On Monday (July 8) MPs will debate a bill aimed at buying more time for Northern Ireland to restore its devolved executive.
While the government’s bill is fairly straight-forward—proposing a delay to Assembly elections so that power-sharing talks can continue—there are several proposed amendments which could have monumental impacts.
One, tabled by Labour MP Conor McGinn, would force Westminster to extend marriage equality to Northern Ireland should talks fail to restore the executive by October 21.
Speaking to RTE, McGinn said that “if it is called and selected… then I am very confident that that the MPs across all parties will emphatically endorse equal rights for people in Northern Ireland, that they can enjoy with the rest of Ireland and the rest of the UK.”
Northern Ireland equal marriage amendment would get free vote
Theresa May’s government has repeatedly said that marriage equality in Northern Ireland is a matter for the devolved legislature and has so far refused to intervene.
However Northern Ireland secretary Karen Bradley said in February that if a vote on same-sex marriage in Northern Ireland were to be brought forward, it would be a free vote in line with the government’s policy on matters of conscience.
I am very confident that that the MPs across all parties will endorse equal rights.
Speaker John Bercow will select which amendments will be debated ahead of the Northern Ireland Bill’s second reading on Tuesday (July 9).
Other amendments on the table include one aimed at introducing safe and legal access to abortion, put forward by Labour MP Stella Creasy, and one which could seek to prevent a no-deal Brexit, to be tabled by Conservative MP Dominic Grieve.
Northern Ireland is the only part of the UK without marriage equality.
Stormont has voted on same-sex marriage legislation five times since 2012.
Marriage equality was voted through by a slim majority on the most recent attempt in November 2015, only to be blocked by the Democratic Unionist Party (DUP) using a petition of concern, a mechanism designed to ensure all legislation has the support of both republicans and nationalists.

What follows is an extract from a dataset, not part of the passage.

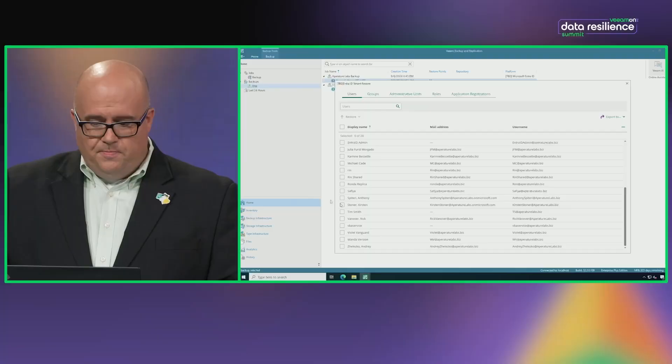I want to talk to you about one more really cool thing, and that is our IntraID backup. So at Veeamon 2024, we did the first preview of the IntraID capability to protect Microsoft IntraID, formerly known as Azure Active Directory, truly the world's leading identity service.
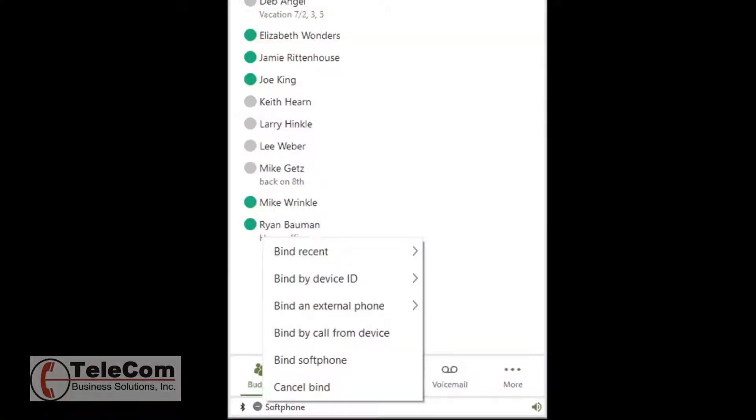If you would like to use ZAC in a remote location or a different office, the easiest way to do it is bind by a call from the device.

Leaders from Northern Ireland’s four other major parties were united in their support for marriage equality at the PinkNews Belfast Summer Reception on June 20, with Colum Eastwood of the Social Democratic and Labour Party (SDLP) calling the petition of concern the “number one issue” in the talks process.
“We can’t allow this veto to exist,” he said. “It has to be fixed and it has to be fixed now.”